[Web page caption snippets]

====

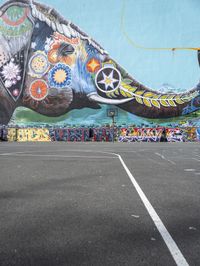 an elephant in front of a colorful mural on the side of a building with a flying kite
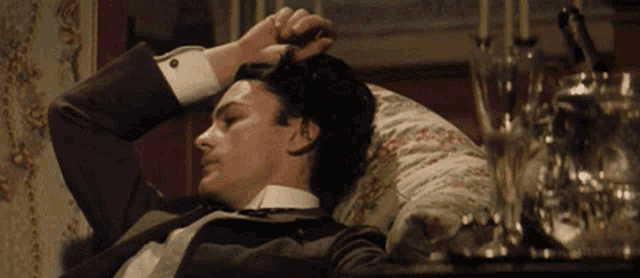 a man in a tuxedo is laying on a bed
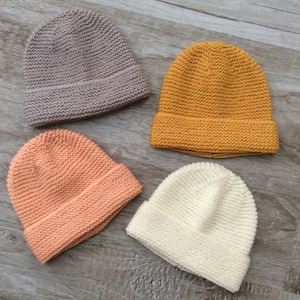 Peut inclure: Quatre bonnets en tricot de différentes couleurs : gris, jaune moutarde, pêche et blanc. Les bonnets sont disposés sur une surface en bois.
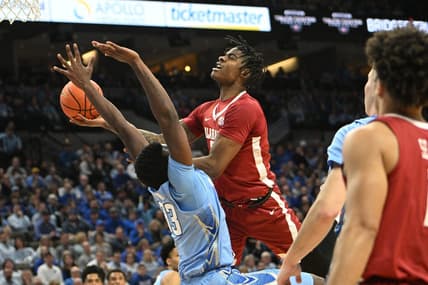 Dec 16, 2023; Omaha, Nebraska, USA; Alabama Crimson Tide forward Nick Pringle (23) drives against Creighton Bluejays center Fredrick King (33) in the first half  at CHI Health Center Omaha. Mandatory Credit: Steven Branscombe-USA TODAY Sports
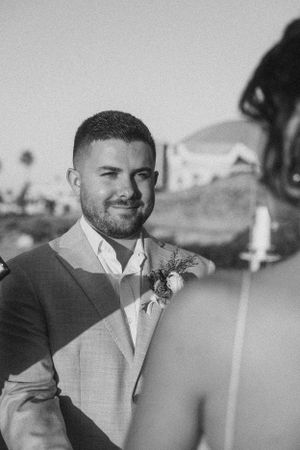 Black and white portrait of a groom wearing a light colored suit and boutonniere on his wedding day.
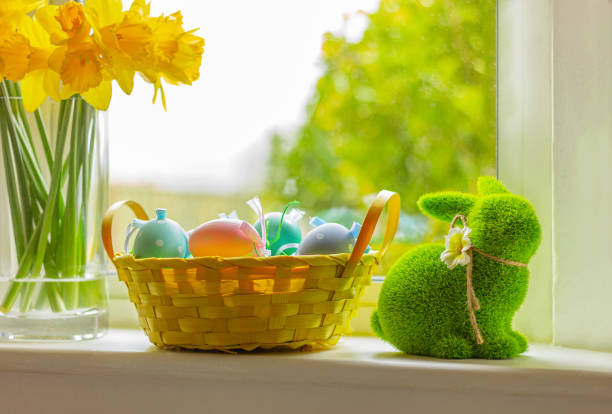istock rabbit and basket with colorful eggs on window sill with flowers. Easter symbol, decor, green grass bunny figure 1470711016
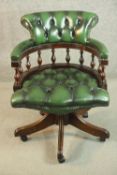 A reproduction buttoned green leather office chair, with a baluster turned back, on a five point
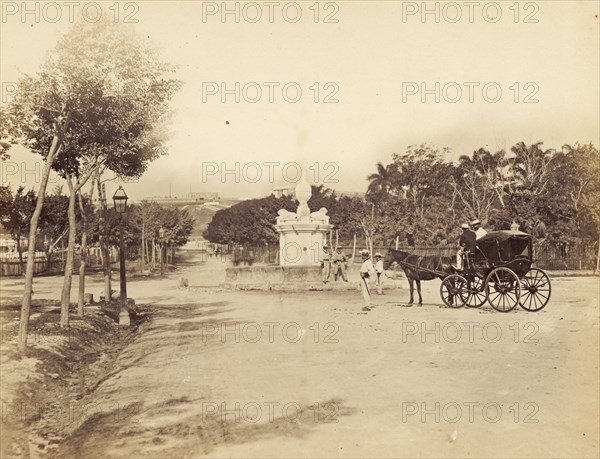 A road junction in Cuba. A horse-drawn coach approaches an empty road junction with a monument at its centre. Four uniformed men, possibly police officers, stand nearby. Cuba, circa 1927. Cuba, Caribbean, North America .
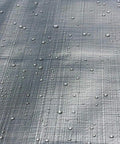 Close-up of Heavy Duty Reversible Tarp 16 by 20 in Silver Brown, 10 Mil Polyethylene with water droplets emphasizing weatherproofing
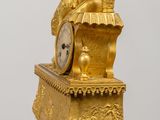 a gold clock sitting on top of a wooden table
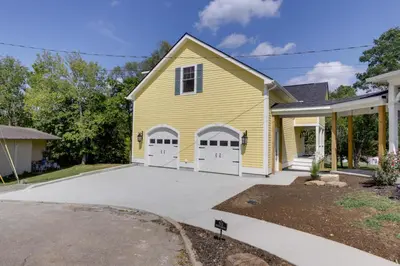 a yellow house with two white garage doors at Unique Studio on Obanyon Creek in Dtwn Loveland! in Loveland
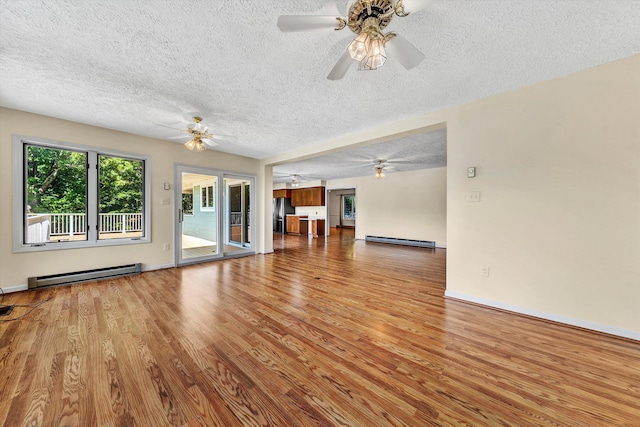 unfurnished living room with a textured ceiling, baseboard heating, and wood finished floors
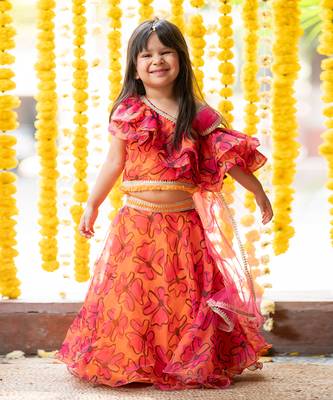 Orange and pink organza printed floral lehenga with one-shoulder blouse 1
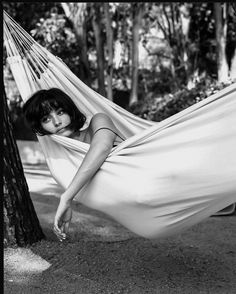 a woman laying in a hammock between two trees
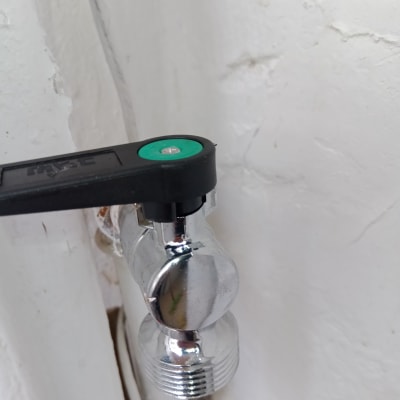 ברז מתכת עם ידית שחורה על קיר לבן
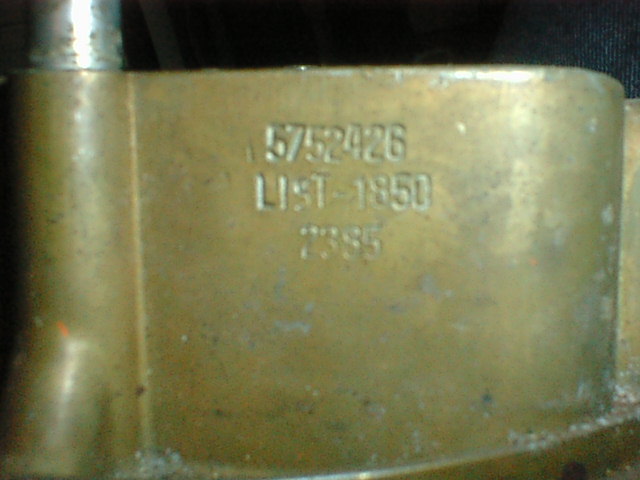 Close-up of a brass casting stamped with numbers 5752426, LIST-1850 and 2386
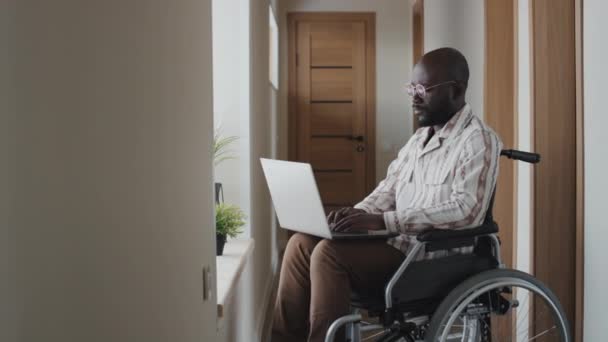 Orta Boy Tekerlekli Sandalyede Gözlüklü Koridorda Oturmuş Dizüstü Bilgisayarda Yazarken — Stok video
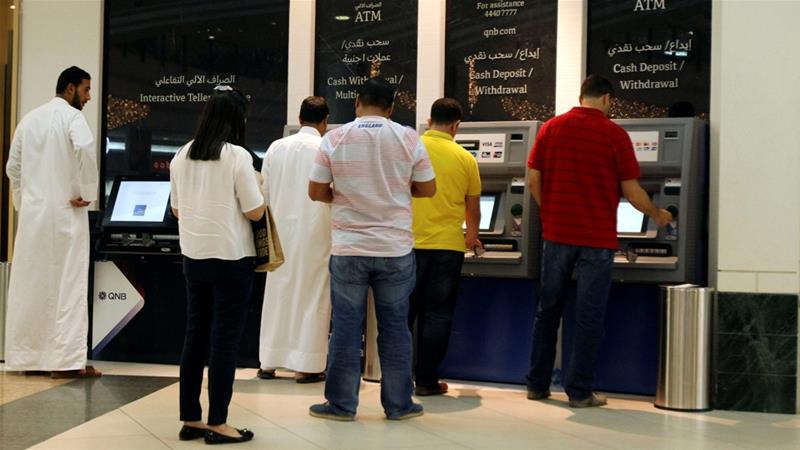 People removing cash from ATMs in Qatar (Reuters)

====

*What the task requires*. Please repeat, with no pictures, each line from the start of the records above through the line with "A reproduction buttoned", inclusive, and only those.

*Output*.
 an elephant in front of a colorful mural on the side of a building with a flying kite
 a man in a tuxedo is laying on a bed
 Peut inclure: Quatre bonnets en tricot de différentes couleurs : gris, jaune moutarde, pêche et blanc. Les bonnets sont disposés sur une surface en bois.
 Dec 16, 2023; Omaha, Nebraska, USA; Alabama Crimson Tide forward Nick Pringle (23) drives against Creighton Bluejays center Fredrick King (33) in the first half  at CHI Health Center Omaha. Mandatory Credit: Steven Branscombe-USA TODAY Sports
 Black and white portrait of a groom wearing a light colored suit and boutonniere on his wedding day.
istock rabbit and basket with colorful eggs on window sill with flowers. Easter symbol, decor, green grass bunny figure 1470711016
 A reproduction buttoned green leather office chair, with a baluster turned back, on a five point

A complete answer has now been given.